Google’s AlphaGo computer may have bested a human in four out of five matches last month, but human beings still excel when it comes to intuitive leaps in problem solving. That’s the conclusion of a new paper in Nature by Danish scientists. Blending the two approaches yields the best of both worlds—a marriage of man and machine.
Even better: the researchers made this surprising discovery by getting people to play online games.
A few years ago, Jacob Sherson, a physicist at Denmark’s Aarhus University, was frustrated by the challenges of building a working quantum computer. While listening to his favorite radio program as he biked to work one morning, he heard about the notion of gamification: crowd-sourcing difficult problems by letting members of the public play games designed to come up with the best solutions. “Why not gamify these complicated problems and ask players all around the world to help us?” Sherson reasoned—with no advance knowledge of quantum mechanics required. And in 2012, Quantum Moves was born.
What is the problem these games are trying to solve? Like anything related to quantum mechanics, it’s complicated. As Gizmodo reported previously:
Unlike a classical computer, with bits representing 0's and 1's, a quantum computer stores information in “qubits.” Thanks to the weirdness of quantum mechanics, such a qubit can be in two states at once, both 0 and 1, just like Schroedinger’s cat is simultaneously alive and dead until a measurement or observation is made. It’s called a superposition of states.
There are many proposed methods for building a quantum computer, but most share a common challenge: the quantum information must be shielded from all external noise in the surrounding environment. The slightest bit of interference—a single photon bumping into the atom you’ve used to encode and store your information, for instance—will cause the entire system to “decohere,” such that the all-important superposition that lets your qubit be both 0 and 1 at the same time is lost. That means errors in your calculations.
So any quantum computer must execute operations very quickly, because the longer it takes to perform operations, the greater the risk of losing your information. Precisely when this loss is most likely to occur is a tough nut to crack. There is a kind of “quantum speed limit” on just how fast data can be manipulated. This in turn dictates how powerful the processing power can be in a quantum computer. But it’s incredibly difficult—even for our fastest computer algorithms—to calculate that limit and come up with ways to beat it.
That’s where Quantum Moves comes in. When users play the games on the Quantum Moves platform, they are actually solving complex optimization problems: they are figuring out the quantum speed limit and coming up with ingenious ways to break that limit.

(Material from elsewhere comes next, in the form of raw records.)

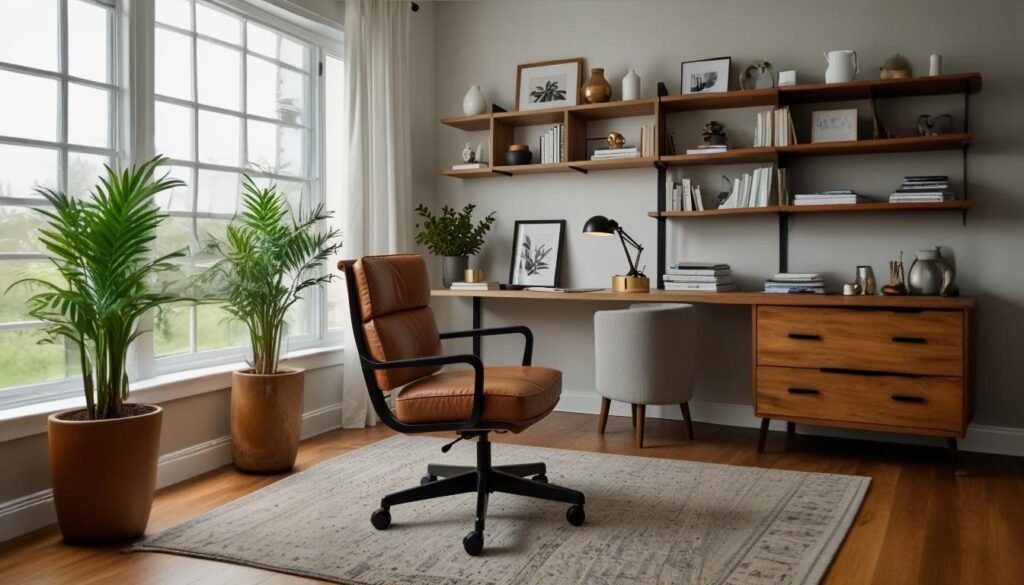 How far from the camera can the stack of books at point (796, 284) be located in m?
3.91

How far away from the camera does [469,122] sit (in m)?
4.96

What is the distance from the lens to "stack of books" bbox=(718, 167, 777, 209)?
13.5 feet

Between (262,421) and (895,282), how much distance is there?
297 cm

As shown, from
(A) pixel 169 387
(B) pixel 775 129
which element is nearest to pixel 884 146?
(B) pixel 775 129

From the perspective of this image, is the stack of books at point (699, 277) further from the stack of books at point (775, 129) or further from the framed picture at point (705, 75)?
the framed picture at point (705, 75)

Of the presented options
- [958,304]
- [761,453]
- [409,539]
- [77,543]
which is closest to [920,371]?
[958,304]

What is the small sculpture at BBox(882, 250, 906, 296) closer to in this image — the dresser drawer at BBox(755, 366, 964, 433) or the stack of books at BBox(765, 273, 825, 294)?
the stack of books at BBox(765, 273, 825, 294)

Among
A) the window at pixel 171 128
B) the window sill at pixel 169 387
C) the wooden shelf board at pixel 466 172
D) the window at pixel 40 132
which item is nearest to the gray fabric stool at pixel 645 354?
the wooden shelf board at pixel 466 172

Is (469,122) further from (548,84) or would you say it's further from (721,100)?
(721,100)

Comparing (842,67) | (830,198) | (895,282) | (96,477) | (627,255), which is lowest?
(96,477)

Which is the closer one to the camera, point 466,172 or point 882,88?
point 882,88

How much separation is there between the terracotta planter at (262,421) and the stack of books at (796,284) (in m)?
2.34

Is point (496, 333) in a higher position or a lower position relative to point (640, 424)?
higher

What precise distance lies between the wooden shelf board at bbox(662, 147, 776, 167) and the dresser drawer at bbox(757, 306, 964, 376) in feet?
2.79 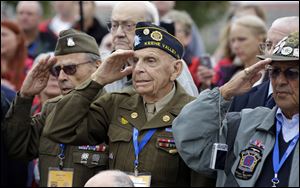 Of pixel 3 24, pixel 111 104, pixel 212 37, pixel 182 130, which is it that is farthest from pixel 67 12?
pixel 182 130

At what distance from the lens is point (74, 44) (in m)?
7.78

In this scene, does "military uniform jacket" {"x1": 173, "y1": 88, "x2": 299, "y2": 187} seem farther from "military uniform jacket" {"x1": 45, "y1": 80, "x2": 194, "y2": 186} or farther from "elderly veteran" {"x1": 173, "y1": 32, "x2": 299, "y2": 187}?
"military uniform jacket" {"x1": 45, "y1": 80, "x2": 194, "y2": 186}

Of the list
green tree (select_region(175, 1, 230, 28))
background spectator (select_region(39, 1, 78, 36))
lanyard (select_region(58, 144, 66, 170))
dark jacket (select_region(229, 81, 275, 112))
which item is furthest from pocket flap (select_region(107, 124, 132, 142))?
green tree (select_region(175, 1, 230, 28))

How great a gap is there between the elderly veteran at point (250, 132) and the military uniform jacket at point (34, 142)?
141cm

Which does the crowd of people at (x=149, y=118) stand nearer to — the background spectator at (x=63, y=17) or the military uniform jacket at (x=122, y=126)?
the military uniform jacket at (x=122, y=126)

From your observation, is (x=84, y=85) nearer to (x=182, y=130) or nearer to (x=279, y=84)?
(x=182, y=130)

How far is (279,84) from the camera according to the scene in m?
5.86

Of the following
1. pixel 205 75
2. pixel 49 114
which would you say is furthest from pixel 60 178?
pixel 205 75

The original version of Quantum Moves (dubbed BringHomeWater) required players to collect and move virtual atoms sitting in quantum “buckets” (a bit like the troughs of an egg carton, called quantum wells) from one spot to another as quickly as possible:
What makes it challenging is that the atoms don’t like to be stationary. In quantum mechanics, atoms can behave both like particles and waves—flip sides of the same quantum coin, so to speak—and here we are dealing with their wave nature. So they kind of “slosh” around in the wells, like water in a bucket. Players must figure out how to move them quickly, with minimal sloshing, in order to find optimal solutions—a surprisingly challenging task.
Volunteer players completed 500,000 games, and the group took that data and created a “mind atlas” to visualize the results:
The best solutions were then fed to the computer as a starting condition. The result: aided by human intuition, the computers came up with even better optimal solutions.
So maybe scientists are misguided in trying to solve these challenges using brute computing force alone, according to Sherson. Perhaps human beings can still bring something unique to the table: our ability to disregard irrelevant information and intuitively spot patterns. In contrast, computers must take every last tiny detail into account when performing calculations, and this can impede their ability to quickly find the best solution.
Sherson admits that the earliest version of the game was a bit lacking in its design; it wasn’t particularly fun to play. That’s why he’s since hired professional game designers to work with his research group to improve the gaming experience, especially for general players with little scientific background. They just launched a new version of Quantum Moves, including mobile apps for the very first time. You can go here to learn more, and download the games for Mac and for PC.
Play an improved version of the BringHomeWater game, or indulge in a bit of target practice against hordes of spiders in Quantum Shooter. There is also a suite of mini-games designed to let the Aarhus group study how people play Tetris, for example, in hopes of learning more about the cognitive skills of the strongest players. The games may look quite different on the surface, but all involve the players intuitively finding optimal solutions for quantum computing. You think you’re playing a game, but you’re actually solving the Schroedinger equation.
So maybe it’s premature to throw in the towel when it comes to AI. Perhaps the new supercomputer of the future is us—with a little help from our computer AI friends.